1] Q4 earnings: “We are right in the middle of the earnings season. Many companies, including Asian Paint, MRF, PVR, etc., will post earnings next week, which will decide the fates of many sectors,” said Sonam Srivastava, Founder at Wright Research.

2] Inflation & Bond Yields: The RBI has signaled further rise in inflation. Commodity prices are already highly volatile and food prices are rising as well. The bond yields are also rising, signaling trouble for high leveraged businesses with low cash. The direction that Indian inflation and consumer sentiment would take could be a key factor for market next week.

3] Global Cues: Due to rise in Dollar Index to record 20-year high and demand for dollar to continue in near term, FIIs are expected to remain ‘net sellers.’ So, keeping an eye on the dollar movement would be important.
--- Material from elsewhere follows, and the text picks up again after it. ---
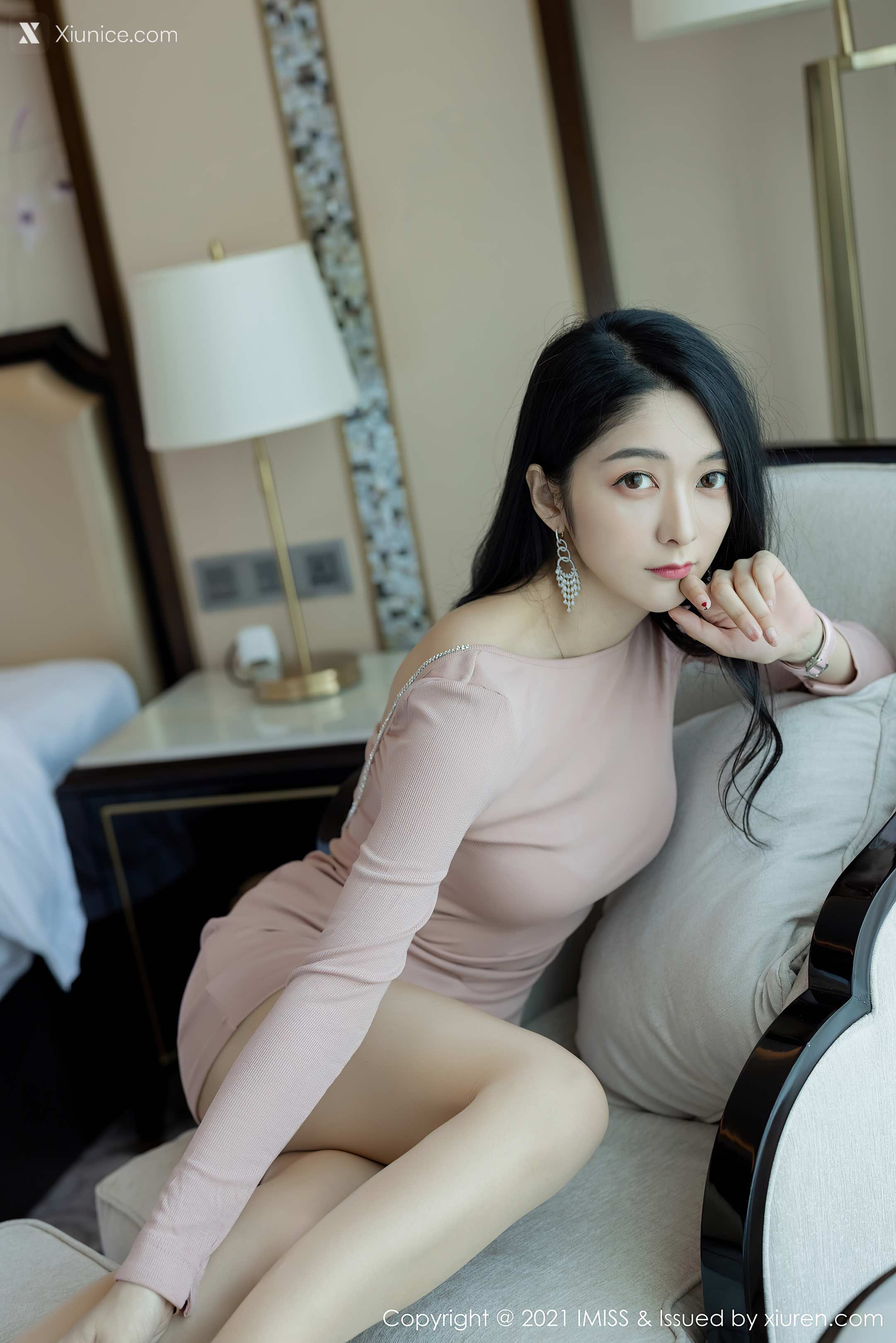 IMiss爱蜜社 No.0564 Angela小热巴 第16张
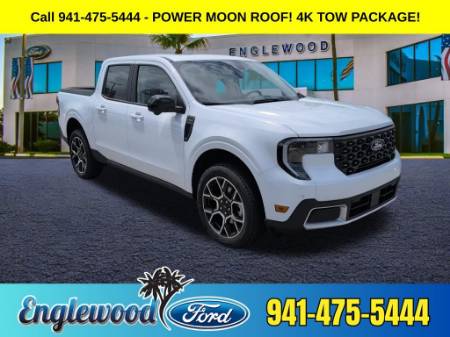 2026 Ford Maverick LARIAT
Global sentiment, inflation rates, and bond yields will be essential drivers for the market in the next week. The FED rate hike has sliced the markets lower, and further narrative on how the European and US economies and markets respond will be critical for the sentiment in India and FII flows.

4] FIIs’ trade pattern: “Demand for US dollar is expected to continue and Dollar Index may go up to 105 to 107 levels in near term. If this happens, then FIIs’ may continue to remain on the ‘net sellers’ side putting more pressure on the Indian equity market,” said Anuj Gupta, Vice President — Research at IIFL Securities.

5] Commodity prices: Many market observers expect commodity prices, especially crude oil price, to ease soon after the crazy volatility in the last month in light of the Ukraine crisis. The direction of the commodity prices will decide the future of many sectors in the metals, energy, and consumer sectors.

Disclaimer: The views and recommendations made above are those of individual analysts or broking companies, and not of Mint.